Thursday, 9 February 2006

Sometimes I'm embarrassed to have people on my blogroll

Shorter Tom Smith: I don’t know whether or not the president’s domestic spying program is actually, you know, legal or constitutional, but since members of Congress sometimes put electoral considerations ahead of the law, the concerns of the elected representatives of the people of the United States are to be completely dismissed, because a few executive branch political appointees (and I) think that the program initiated by their boss is somehow consistent with the Constitution under some sort of complete hand-waving, “anything goes” Article II doctrine that makes the court’s interpretation of the Commerce Clause in Wickard v.
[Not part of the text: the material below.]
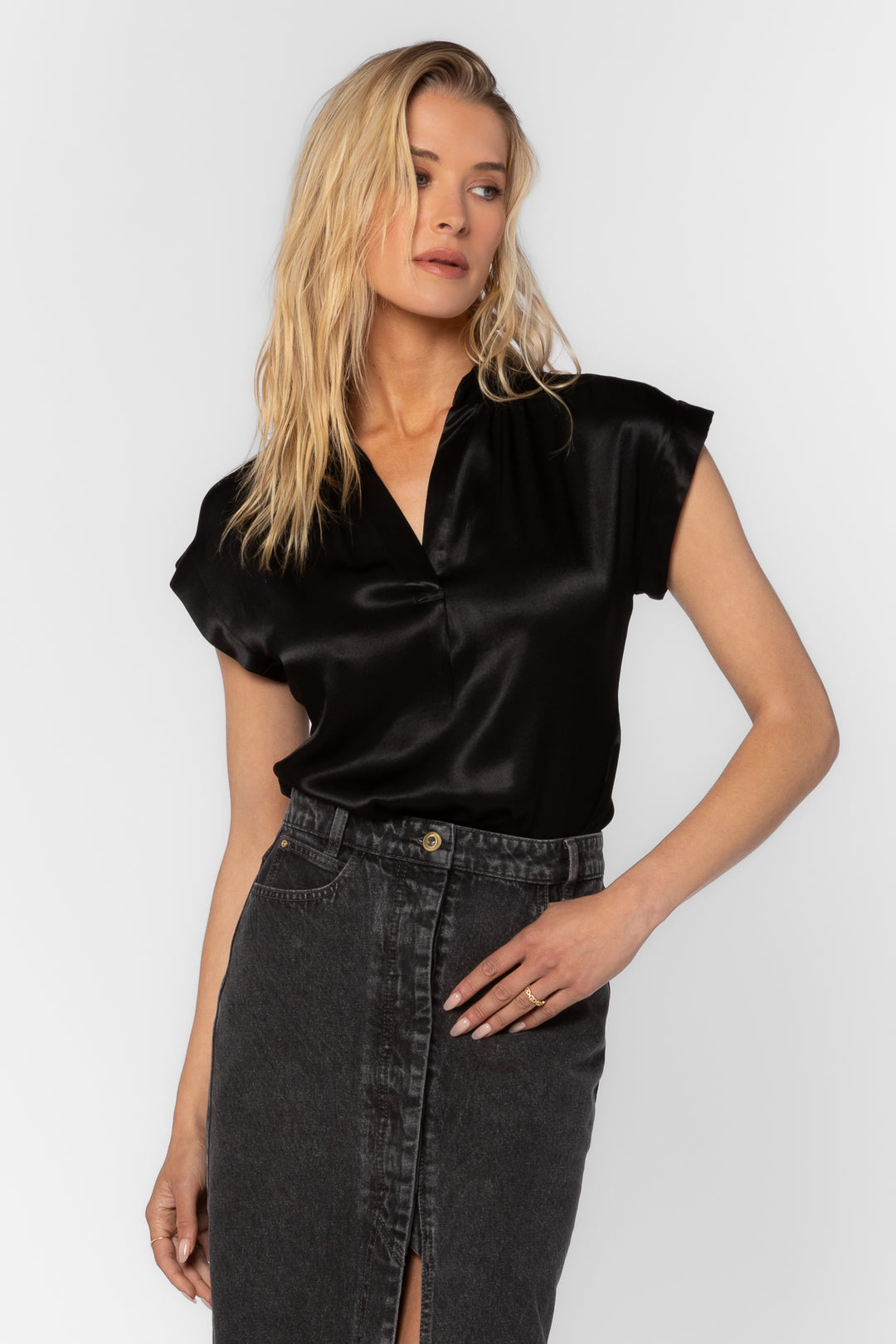 Huxley Black Top - Tops - Velvet Heart Clothing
Filburn seem like a restraint on congressional authority.

Shorter Jeff Goldstein and Wall Street Journal editorial board: Separation of powers is for idiots.

One more thing: the first person to reply with “the Constitution is not a suicide pact” needs to come up with an argument, not a slogan.
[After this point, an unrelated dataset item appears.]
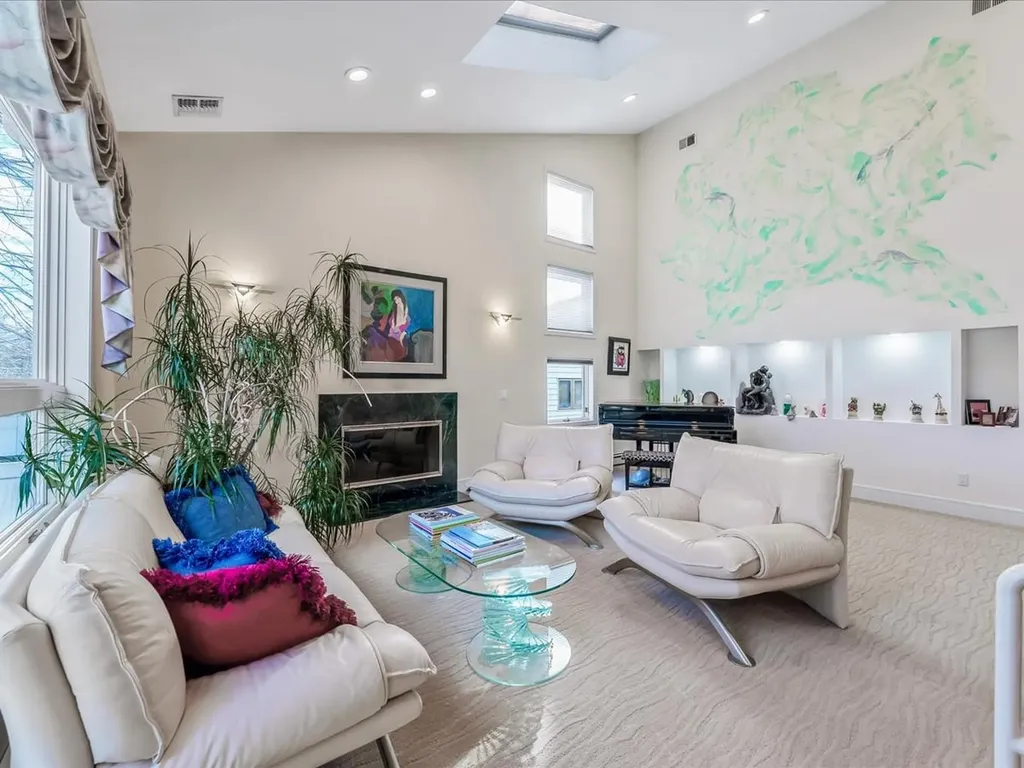 3361 Harold Street Oceanside NY 11572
Update: A perhaps-related post from Venkat at Begging to Differ.

8 comments:

Any views expressed in these comments are solely those of their authors; they do not reflect the views of the authors of Signifying Nothing, unless attributed to one of us.
[Permalink] 1. Jeff G wrote @ Thu, 9 Feb 2006, 9:51 pm CST:

That’s quite a shortening of you can my previous posts on the topic (which include comprehensive sourcing of primary and secondary documents) . You can find those here, here, here, here, here, here, here, here, here, here, here, here, here, here, here, here, here, here, here, here, here, here, here, here, here, here, here, here, here, here, here, here, here, here, and here.

Not to mention, I don’t argue that separation of powers is for idiots; instead, I said this battle is over a legal program, and that the battle being fought is a political one involve a separation of powers dispute.

But hey, make with the dismissive, condescending snark.

Sometimes I’m embarrassed BEING on some people’s blogrolls.

 

I thought the blogosphere was built on dismissive, condescending snark, personally. Or was that VC money? I forget…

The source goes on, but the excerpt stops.